▶ Work to be completed:
For this exercise, return all the data word for word, with images left out.

▶ Data segment:
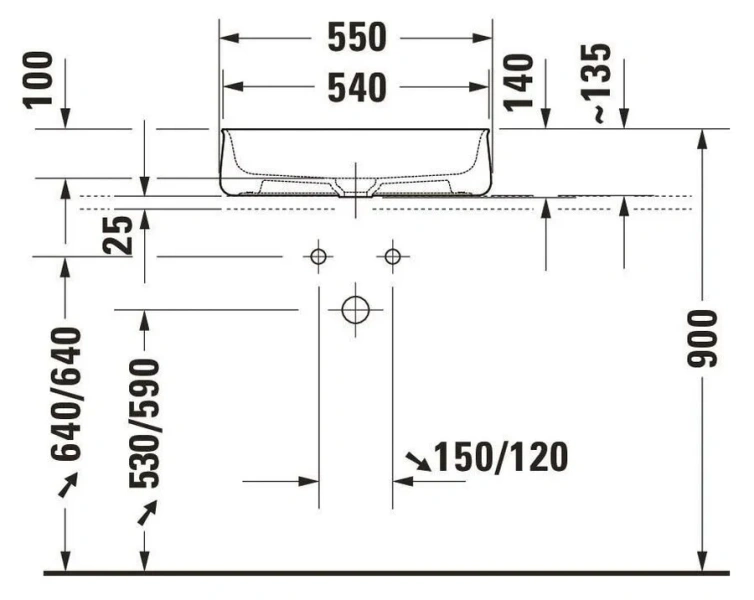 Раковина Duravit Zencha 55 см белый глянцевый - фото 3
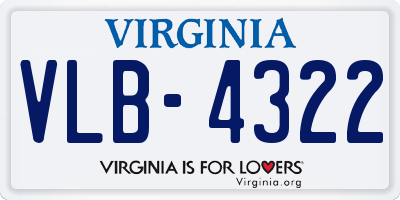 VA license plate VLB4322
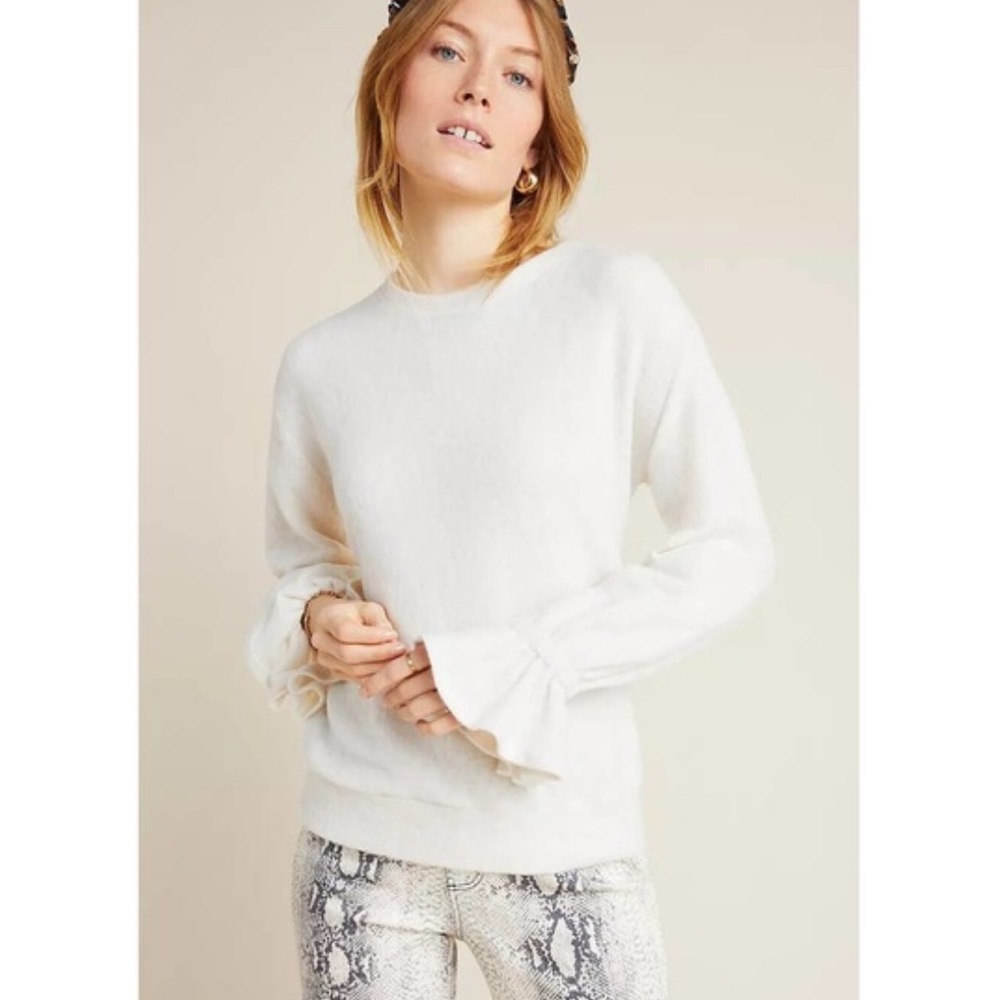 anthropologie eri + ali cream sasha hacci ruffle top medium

▶ Solution to this exercise:
 Раковина Duravit Zencha 55 см белый глянцевый - фото 3
 VA license plate VLB4322
 anthropologie eri + ali cream sasha hacci ruffle top medium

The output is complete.